Nayana aveva diciassette anni quando è arrivata a Roma dal Bangladesh, nel 1995. Dopo aver terminato le scuole superiori, aveva sposato un connazionale residente in Italia e l’ha seguito: in termini burocratici si chiama “ricongiungimento familiare”. Anche Anika ha fatto così. Aveva 16 anni quando, su insistenza della famiglia, ha sposato un uomo con vent’anni più di lei. Un anno dopo, nel 2001, l’ha raggiunto in Italia. Sanjida aveva 22 anni quando si è trasferita a Roma con il marito, nel 2013.

Come loro, generazioni di donne bangladesi sono arrivate in Italia negli ultimi trent’anni, quasi sempre per “ricongiungimento familiare”, giovanissime spose di lavoratori migranti. Molte si sono stabilite a Roma, dove i bangladesi residenti sono più di 30mila, la maggiore concentrazione in Italia. In tutto, nel paese sono circa 130mila, secondo l’ultimo rapporto annuale del ministero del lavoro. Tra le comunità di immigrati, sono l’ottava per numero, mentre a Roma sono la terza.

“Immagina queste giovani donne: arrivano senza conoscere nulla dell’Italia, non sanno la lingua”, dice Nayana. “Di solito hanno fatto le scuole superiori, magari pensavano di proseguire gli studi. Invece arrivano subito i primi figli. I mariti lavorano dalla mattina alla sera e loro restano bloccate in casa a occuparsi dei piccoli, senza una rete familiare intorno, spesso senza neppure la possibilità di imparare l’italiano”.

Un atterraggio duro. Restare in casa però non è un destino inevitabile. Lo confermano le storie di alcune bangladesi incontrate nella calda estate romana al Pigneto, a Tor Pignattara e a Centocelle, quartieri nella zona sudest di Roma; a Ponte Mammolo, periferia nordest; o all’ombra di porta San Giovanni.

Nayana e le informazioni che non c’erano
L’inizio non è stato facile per nessuna. Nayana ricorda che arrivando a Roma sperava di iscriversi all’università. “Volevo proseguire gli studi, ma non avevo ancora imparato l’italiano. Comunque, sono subito rimasta incinta della mia prima figlia e ho dovuto rinunciare”, spiega. Si è messa ad aiutare il marito, che aveva preso in gestione un bar vicino al Colosseo: lavoravano dall’alba a notte fonda, “in quel locale ci ho cresciuto i miei tre figli”. Però è riuscita a frequentare una scuola di lingue.

“Una consigliera dell’azienda sanitaria locale Roma2 mi ha incoraggiato a fare un corso di mediazione culturale”, ricorda. E così ha fatto, “tra mille difficoltà, perché devi sempre conciliare il lavoro, la famiglia e il tempo per la scuola”. Nel 1999 ha dovuto rinunciare a una borsa di studio per un tirocinio in un grande ospedale romano: “Mi avrebbe impegnato dal mattino al pomeriggio, ma non sapevo a chi lasciare i bambini”.

Pigneto, Roma, luglio 2018.

In qualche modo però ce l’ha fatta.
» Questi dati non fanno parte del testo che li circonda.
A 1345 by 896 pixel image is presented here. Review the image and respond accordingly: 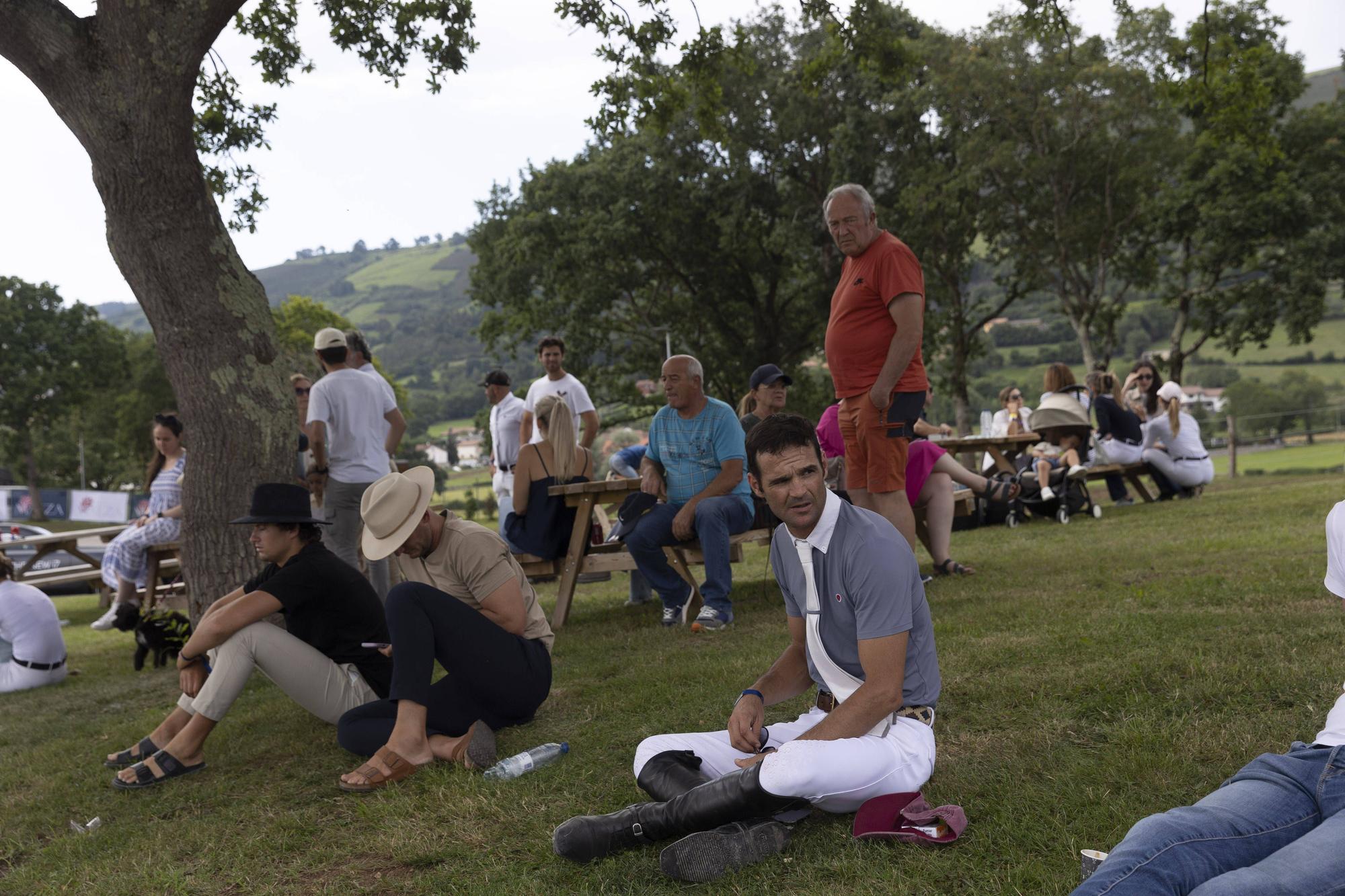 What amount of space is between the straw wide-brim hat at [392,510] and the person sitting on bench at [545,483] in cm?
251

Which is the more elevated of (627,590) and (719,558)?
(719,558)

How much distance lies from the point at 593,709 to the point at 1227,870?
3069 millimetres

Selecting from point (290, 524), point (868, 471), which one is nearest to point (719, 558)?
point (868, 471)

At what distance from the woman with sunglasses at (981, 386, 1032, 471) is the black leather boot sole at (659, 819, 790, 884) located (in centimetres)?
1016

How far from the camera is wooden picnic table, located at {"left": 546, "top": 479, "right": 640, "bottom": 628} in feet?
22.3

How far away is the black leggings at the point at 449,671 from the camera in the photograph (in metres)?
4.12

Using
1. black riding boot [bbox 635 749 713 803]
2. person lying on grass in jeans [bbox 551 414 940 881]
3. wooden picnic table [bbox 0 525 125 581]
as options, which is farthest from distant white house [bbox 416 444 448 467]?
person lying on grass in jeans [bbox 551 414 940 881]

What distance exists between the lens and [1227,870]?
2143 mm

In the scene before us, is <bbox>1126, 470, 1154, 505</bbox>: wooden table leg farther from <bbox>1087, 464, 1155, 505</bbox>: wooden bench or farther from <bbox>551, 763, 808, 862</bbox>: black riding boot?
<bbox>551, 763, 808, 862</bbox>: black riding boot

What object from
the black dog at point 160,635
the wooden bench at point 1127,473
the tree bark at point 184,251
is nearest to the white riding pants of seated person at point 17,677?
the black dog at point 160,635

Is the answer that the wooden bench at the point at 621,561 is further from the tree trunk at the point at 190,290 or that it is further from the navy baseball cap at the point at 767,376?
the tree trunk at the point at 190,290

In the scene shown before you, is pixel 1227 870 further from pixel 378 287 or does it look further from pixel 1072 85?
pixel 378 287

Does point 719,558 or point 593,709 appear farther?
point 719,558

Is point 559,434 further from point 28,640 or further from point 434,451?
point 434,451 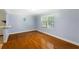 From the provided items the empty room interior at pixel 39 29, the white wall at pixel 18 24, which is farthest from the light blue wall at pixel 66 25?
the white wall at pixel 18 24

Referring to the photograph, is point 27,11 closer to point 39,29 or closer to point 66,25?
point 39,29

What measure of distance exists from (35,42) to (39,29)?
173mm

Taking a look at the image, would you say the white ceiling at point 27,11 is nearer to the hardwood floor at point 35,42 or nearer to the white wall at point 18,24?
the white wall at point 18,24

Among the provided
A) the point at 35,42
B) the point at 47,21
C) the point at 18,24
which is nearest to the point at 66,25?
the point at 47,21

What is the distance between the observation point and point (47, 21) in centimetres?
143

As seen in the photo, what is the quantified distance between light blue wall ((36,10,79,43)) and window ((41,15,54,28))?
1.6 inches

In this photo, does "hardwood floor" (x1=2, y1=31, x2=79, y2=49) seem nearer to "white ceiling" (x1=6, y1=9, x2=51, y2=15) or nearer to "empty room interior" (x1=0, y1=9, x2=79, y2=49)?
"empty room interior" (x1=0, y1=9, x2=79, y2=49)

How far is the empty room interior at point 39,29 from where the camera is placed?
1356mm

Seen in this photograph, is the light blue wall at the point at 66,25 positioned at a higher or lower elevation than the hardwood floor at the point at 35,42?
higher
Oggi Nayana è una mediatrice e interprete riconosciuta e rispettata, lavora con i servizi sociali, le scuole, a volte il servizio sanitario. La incontro a San Giovanni, nella breve pausa tra il lavoro e una riunione tra colleghe. “Quando sono arrivata io era difficile trovare informazioni pratiche, sapere come ottenere la residenza, la tessera sanitaria, per non parlare di consultori o di contraccezione. Oggi queste informazioni sappiamo darle ai nuovi arrivati”.
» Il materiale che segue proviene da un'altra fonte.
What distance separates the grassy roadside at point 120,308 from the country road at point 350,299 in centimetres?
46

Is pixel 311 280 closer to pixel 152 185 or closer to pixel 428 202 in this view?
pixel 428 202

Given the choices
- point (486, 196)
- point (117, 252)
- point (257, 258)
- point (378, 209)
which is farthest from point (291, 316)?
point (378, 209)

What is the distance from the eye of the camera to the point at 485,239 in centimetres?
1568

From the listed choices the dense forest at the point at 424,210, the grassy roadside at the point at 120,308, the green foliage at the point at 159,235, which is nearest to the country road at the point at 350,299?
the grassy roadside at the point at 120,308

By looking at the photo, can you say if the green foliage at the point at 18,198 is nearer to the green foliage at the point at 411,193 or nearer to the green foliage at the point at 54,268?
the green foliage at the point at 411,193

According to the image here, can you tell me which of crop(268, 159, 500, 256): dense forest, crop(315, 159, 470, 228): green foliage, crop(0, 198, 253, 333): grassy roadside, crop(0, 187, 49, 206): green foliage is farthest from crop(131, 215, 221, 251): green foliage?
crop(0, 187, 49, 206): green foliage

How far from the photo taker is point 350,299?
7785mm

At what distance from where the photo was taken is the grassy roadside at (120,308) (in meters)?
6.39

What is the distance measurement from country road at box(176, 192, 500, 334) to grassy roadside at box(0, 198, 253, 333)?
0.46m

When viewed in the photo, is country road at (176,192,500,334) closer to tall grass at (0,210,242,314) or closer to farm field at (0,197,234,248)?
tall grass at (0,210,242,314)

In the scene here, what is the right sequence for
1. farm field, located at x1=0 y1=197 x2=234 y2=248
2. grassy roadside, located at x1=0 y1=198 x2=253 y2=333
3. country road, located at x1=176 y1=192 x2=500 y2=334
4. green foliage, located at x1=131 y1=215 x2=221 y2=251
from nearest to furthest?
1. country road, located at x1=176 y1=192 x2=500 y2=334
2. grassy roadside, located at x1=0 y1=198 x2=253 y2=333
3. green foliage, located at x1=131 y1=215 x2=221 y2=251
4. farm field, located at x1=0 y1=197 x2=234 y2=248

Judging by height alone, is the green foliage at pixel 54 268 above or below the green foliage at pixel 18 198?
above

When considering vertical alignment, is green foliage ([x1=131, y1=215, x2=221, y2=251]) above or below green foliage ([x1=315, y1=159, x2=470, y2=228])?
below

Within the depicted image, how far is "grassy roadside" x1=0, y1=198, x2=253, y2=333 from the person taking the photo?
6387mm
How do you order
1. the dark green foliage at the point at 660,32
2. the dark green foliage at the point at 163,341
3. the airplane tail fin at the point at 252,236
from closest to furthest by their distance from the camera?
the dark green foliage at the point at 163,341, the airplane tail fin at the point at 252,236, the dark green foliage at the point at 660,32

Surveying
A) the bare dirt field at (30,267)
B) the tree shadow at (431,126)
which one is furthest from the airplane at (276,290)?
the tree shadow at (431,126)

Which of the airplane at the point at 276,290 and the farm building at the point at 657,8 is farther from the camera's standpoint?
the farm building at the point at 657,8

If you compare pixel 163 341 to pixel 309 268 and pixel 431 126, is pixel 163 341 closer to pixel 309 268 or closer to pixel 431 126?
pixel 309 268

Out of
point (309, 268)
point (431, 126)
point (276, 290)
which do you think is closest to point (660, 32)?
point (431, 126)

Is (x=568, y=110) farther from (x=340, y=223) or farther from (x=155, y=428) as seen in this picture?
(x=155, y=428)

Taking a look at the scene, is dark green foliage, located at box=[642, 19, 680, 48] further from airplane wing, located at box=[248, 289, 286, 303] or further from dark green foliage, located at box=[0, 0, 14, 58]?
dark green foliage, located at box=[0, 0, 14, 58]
Certi ostacoli però rimangono: “Per una madre con figli piccoli resta ancora difficile uscire di casa, frequentare un corso o trovare un lavoro”. Sono sempre così giovani le donne che arrivano dal Bangladesh? “Sì, questo non è cambiato. Ma sono più informate di una volta”.

La situazione oggi
Certe storie si ripetono. Vent’anni più tardi, nel 2013, anche Sanjida pensava di proseguire a Roma gli studi cominciati a Chittagong, la seconda città più grande del suo paese. “Mi sono iscritta all’università La Sapienza. Ma i corsi sono in italiano, e non capivo: dopo tre mesi ho rinunciato”. Così ha studiato la lingua, si è iscritta a un corso di mediazione culturale tenuto dalla Comunità di Sant’Egidio e ora collabora come mediatrice in un grande ospedale pediatrico di Roma, in attesa di finire la specializzazione all’università per stranieri Dante Alighieri. Suo marito aveva studiato ingegneria elettronica, ma qui si deve accontentare di lavorare nella reception di un albergo: “Incoraggia almeno me ad andare avanti”.
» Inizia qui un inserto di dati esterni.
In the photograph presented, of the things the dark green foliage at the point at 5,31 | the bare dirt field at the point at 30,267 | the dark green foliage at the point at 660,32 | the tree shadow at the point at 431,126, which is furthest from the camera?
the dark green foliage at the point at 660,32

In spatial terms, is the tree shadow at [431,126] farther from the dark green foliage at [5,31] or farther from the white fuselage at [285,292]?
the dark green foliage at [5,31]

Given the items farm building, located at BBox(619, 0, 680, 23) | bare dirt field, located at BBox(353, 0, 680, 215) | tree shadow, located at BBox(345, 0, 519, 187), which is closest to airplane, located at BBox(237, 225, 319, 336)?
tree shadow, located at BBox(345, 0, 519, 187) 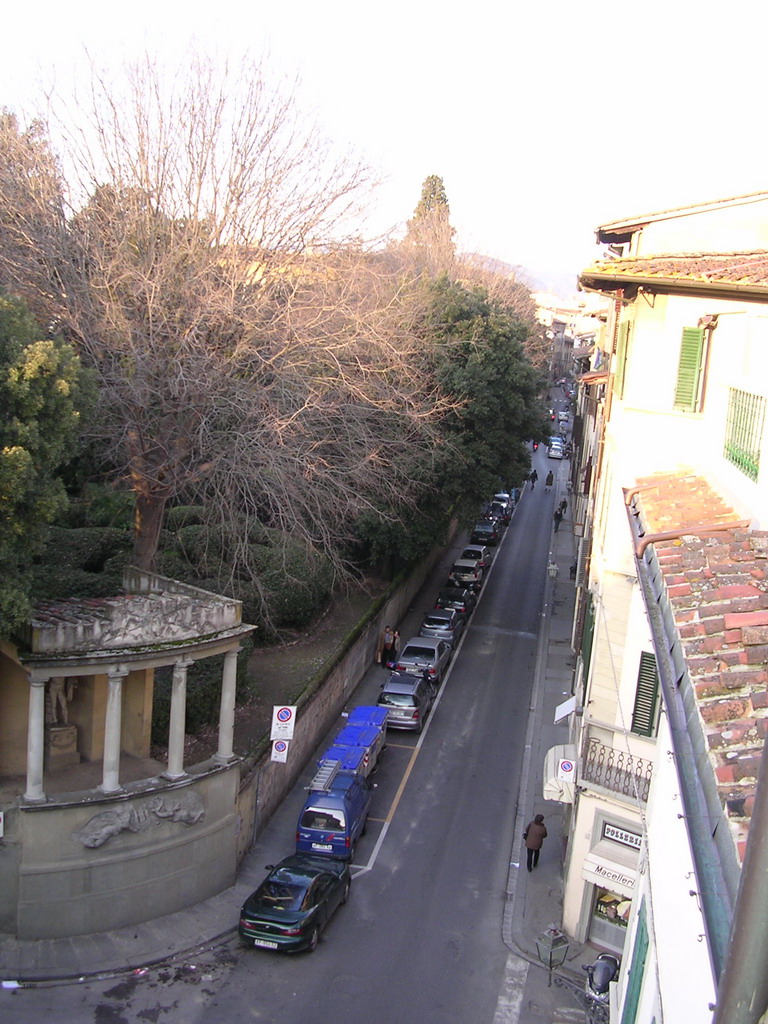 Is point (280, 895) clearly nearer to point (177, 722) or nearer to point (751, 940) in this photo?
point (177, 722)

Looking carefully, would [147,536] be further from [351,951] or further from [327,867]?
[351,951]

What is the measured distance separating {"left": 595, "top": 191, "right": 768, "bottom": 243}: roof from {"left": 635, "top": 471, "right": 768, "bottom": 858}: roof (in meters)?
12.6

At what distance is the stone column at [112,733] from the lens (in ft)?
55.5

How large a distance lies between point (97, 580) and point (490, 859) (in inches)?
436

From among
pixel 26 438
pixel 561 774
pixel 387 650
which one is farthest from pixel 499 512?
pixel 26 438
Gli emigranti che tornano in Bangladesh a cercare moglie hanno un nome in bengalese: sono i probashi, “abitanti dell’esterno”, e sono considerati un buon partito. Un emigrante però non dice le cose come stanno davvero, neppure alla propria famiglia: che all’inizio ha fatto il lavavetri o il lavapiatti anche se aveva un diploma, che dorme in un posto letto affittato in appartamenti sovraffollati. I racconti sono molto più rosei.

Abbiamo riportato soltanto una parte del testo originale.